Nigeria’s shift from paper-based examinations to fully digital assessment took a significant step forward on Tuesday as the National Examinations Council signalled plans to integrate its result verification system with the National Open University of Nigeria.

At stake is more than administrative convenience. The proposed partnership could reshape how academic credentials are authenticated nationwide — and test whether Nigeria’s digital education ambitions can match policy rhetoric.

NECO Registrar, Prof. Dantani Wushishi, during a visit to NOUN’s Vice Chancellor, Prof. Uduma Uduma, called for full integration of NECO’s e-verify platform into the university’s admission system.

The council says nearly five million results have already been authenticated through the platform since its launch two years ago.
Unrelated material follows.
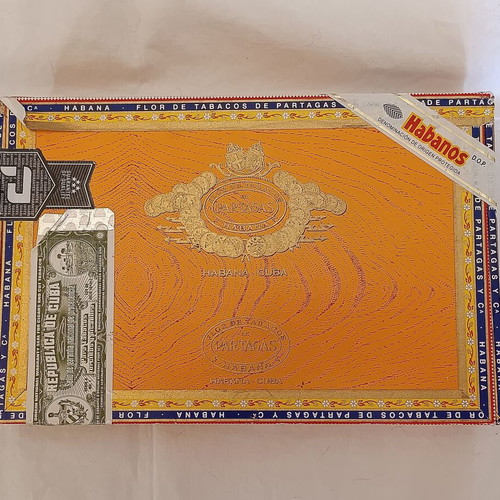 Partagás Mille Fleurs Cigar Box 25’s used, authentic Cuban 2023 edition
The system allows institutions to confirm candidates’ results electronically, replacing the manual verification process that often caused delays and allegations of forgery.

Under the proposed arrangement, NOUN’s admission portal would connect directly to NECO’s API. Once an applicant inputs NECO credentials, the system would automatically confirm authenticity — without requiring a separate verification request.
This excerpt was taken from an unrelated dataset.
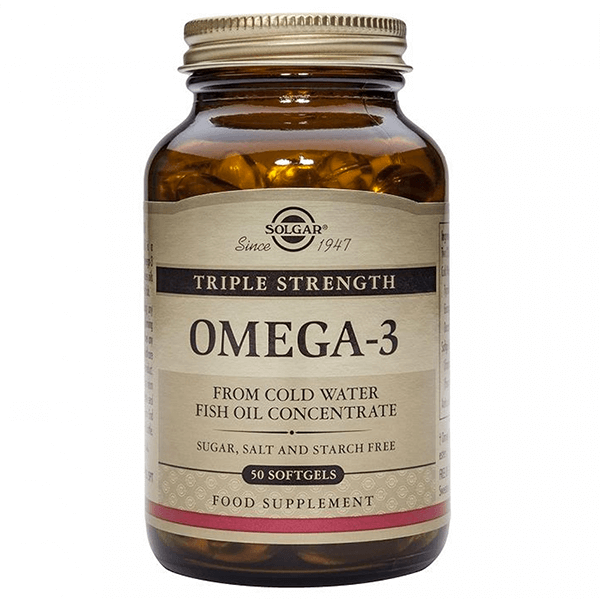 Omega 3 Triple Concentración - 50 Softgels [Solgar]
For a university that admits roughly 40,000 students annually and operates about 128 study centres nationwide, the scale is significant.

The collaboration aligns with the Federal Government’s declared intention to migrate major public examinations from paper-based formats to Computer-Based Testing (CBT).

Privately owned CBT centres and those operated by public institutions were slated for broader deployment in conducting school-based Senior School Certificate Examinations. NOUN, widely regarded as a pioneer in institutional CBT adoption, operates one of the most expansive CBT infrastructures in the country.

The underlying policy goal is clear: reduce examination malpractice and standardise testing procedures nationwide.

Yet implementation remains uneven. While urban centres often have stable infrastructure, rural local governments — despite having CBT centres on record — frequently struggle with:

• Power supply instability
• Limited broadband access
• Technical personnel shortages

This makes the partnership both promising and complex. Expansion without structural reinforcement could widen the urban-rural education gap.

Beyond efficiency, both institutions framed the partnership as a safeguard for academic integrity. NOUN’s Vice Chancellor stressed that unverified certificates undermine credibility.
That statement speaks to a longstanding credibility challenge for open and distance learning institutions, which often face scrutiny regarding admission processes and academic rigour.

By embedding automated verification directly into admissions, NOUN strengthens institutional trust — not just internally, but with employers and international credential evaluators.

Still, automation does not eliminate all vulnerabilities. Examination malpractice often occurs at the testing stage, not during verification. Strengthening CBT centre oversight may ultimately determine whether digitisation achieves its intended impact.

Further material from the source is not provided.